*What you should do*. Your answer must be an exact copy of the records below, minus any images.

*Given entries*.
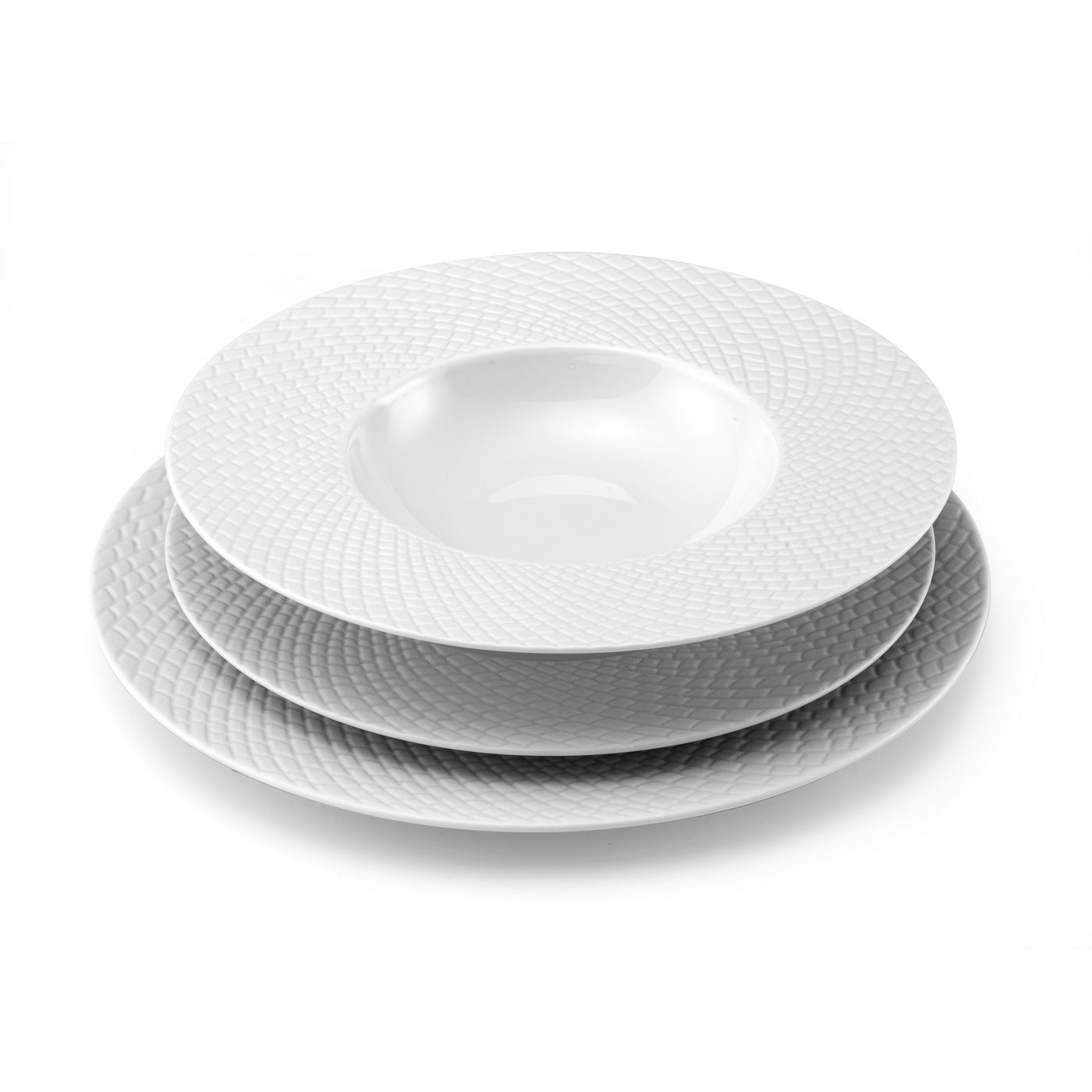 Sherane - Servicio de 18 piezas - Porcelana - Blanco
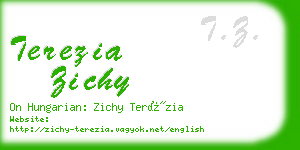 terezia zichy business card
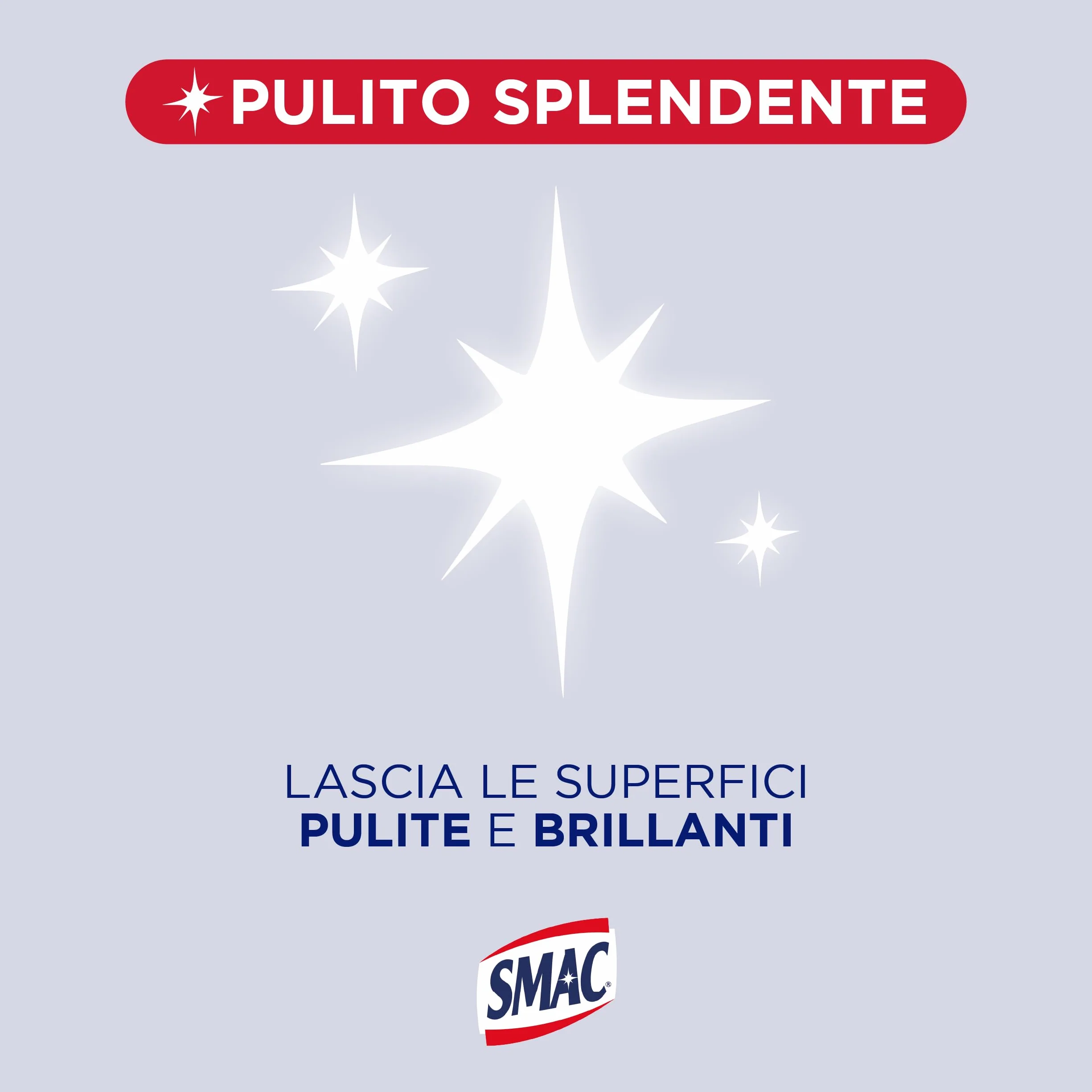 Sgrassatore Spray Smac 500 ml x 4 - Detergente per Superfici Delicate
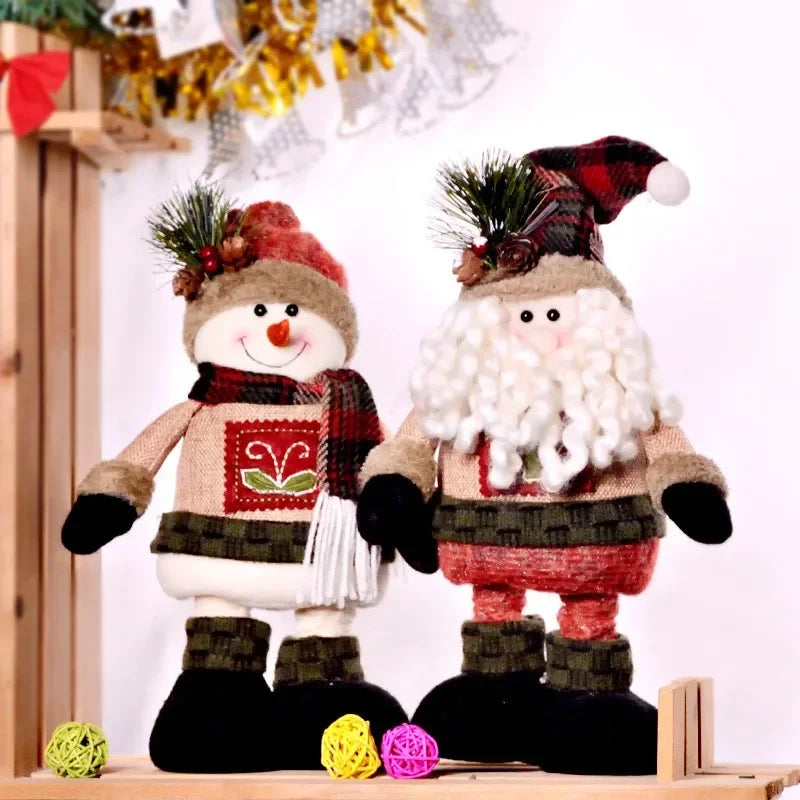 2024 Christmas Decorations Cute Stretchable Telescopic Doll Christmas Dolls Christmas Tree Ornaments Hanging Doll New Year Gift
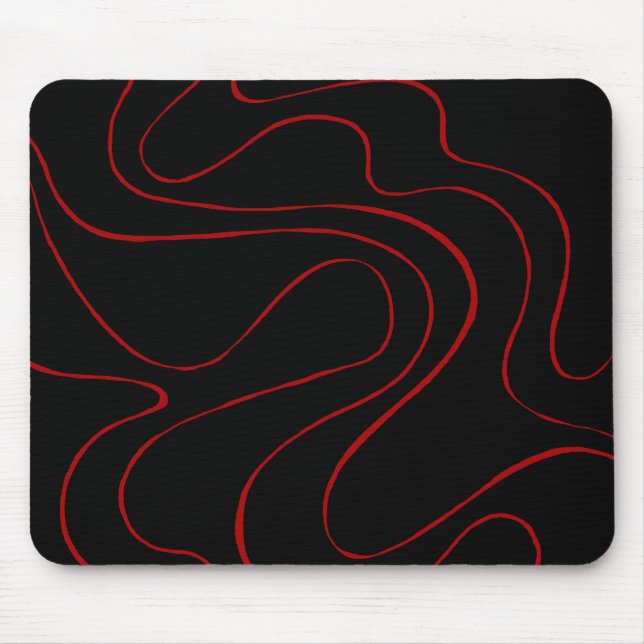 Ebbe und Flut 2 in Rot und Schwarz Mousepad (Vorne)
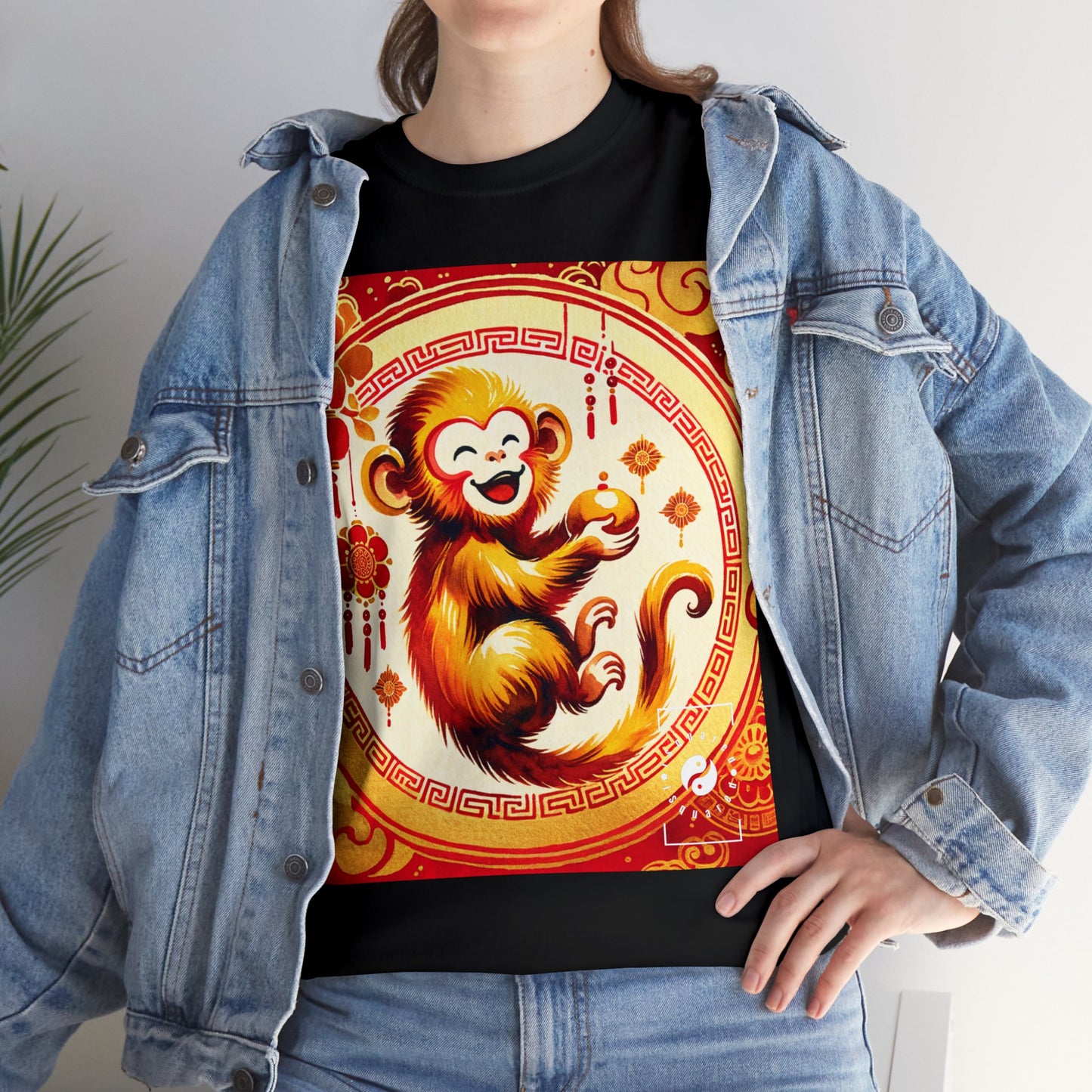 "Golden Simian Serenity in Scarlet Radiance" - Heavy T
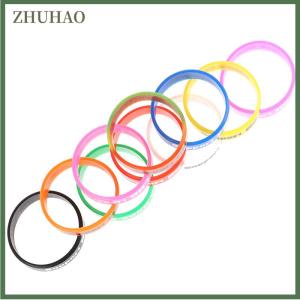 ZHUHAO 10 vòng trang trí ống bọc cao su chống trượt kẹp tóc/Kẹp tông đơ cái/bộ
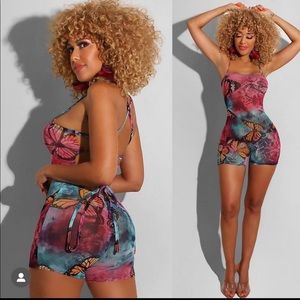 Beautiful Butterfly Romper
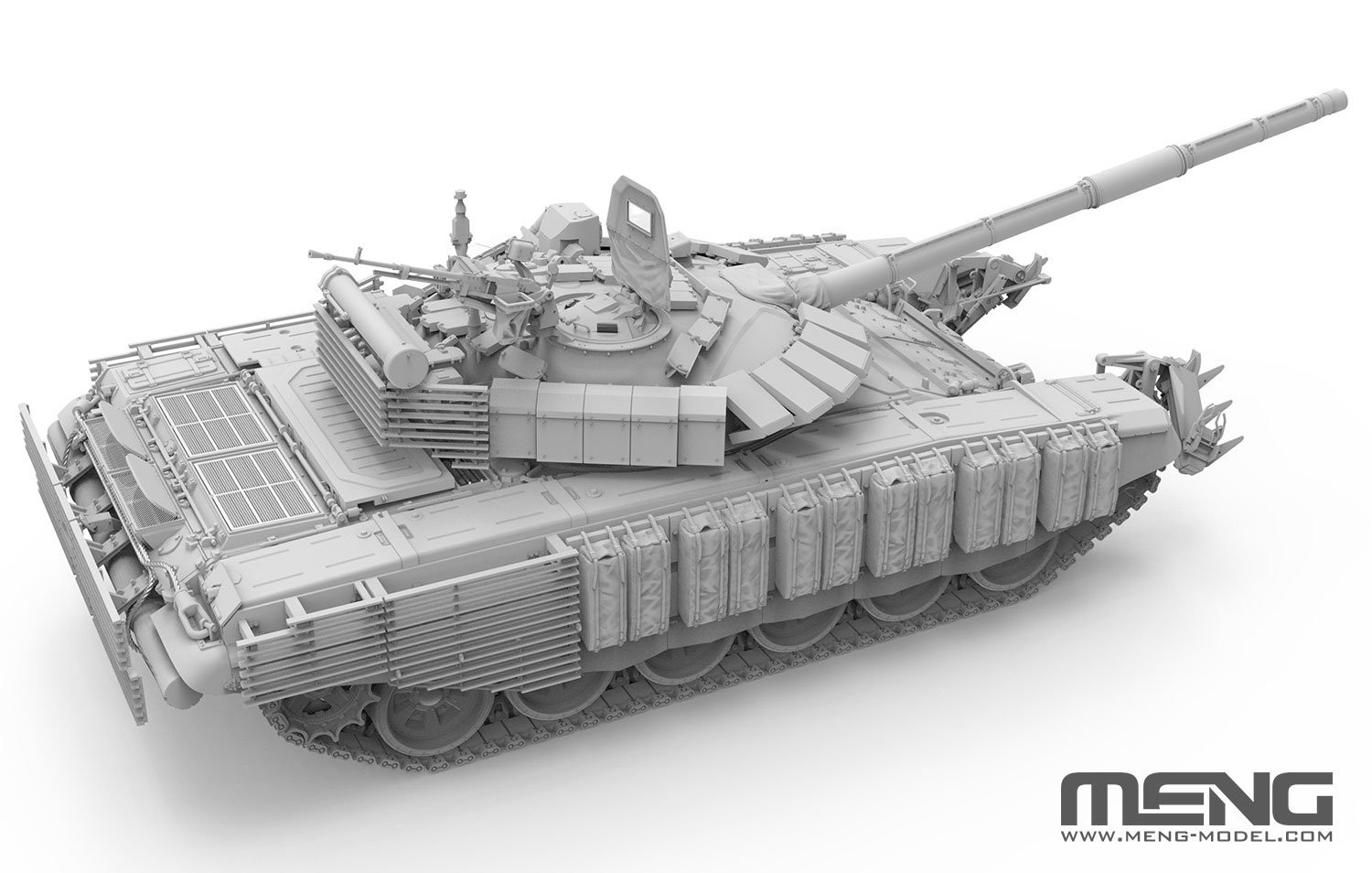 T-72B3M w/ KMT-8 Mine Clearing System from Meng | Armorama™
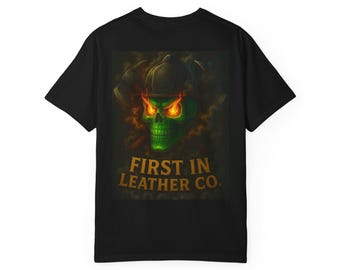 First In Leather Co. Skull Inferno Tee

*Answer section*.
 Sherane - Servicio de 18 piezas - Porcelana - Blanco
 terezia zichy business card
 Sgrassatore Spray Smac 500 ml x 4 - Detergente per Superfici Delicate
 2024 Christmas Decorations Cute Stretchable Telescopic Doll Christmas Dolls Christmas Tree Ornaments Hanging Doll New Year Gift
 Ebbe und Flut 2 in Rot und Schwarz Mousepad (Vorne)
 "Golden Simian Serenity in Scarlet Radiance" - Heavy T
 ZHUHAO 10 vòng trang trí ống bọc cao su chống trượt kẹp tóc/Kẹp tông đơ cái/bộ
 Beautiful Butterfly Romper
 T-72B3M w/ KMT-8 Mine Clearing System from Meng | Armorama™
 First In Leather Co. Skull Inferno Tee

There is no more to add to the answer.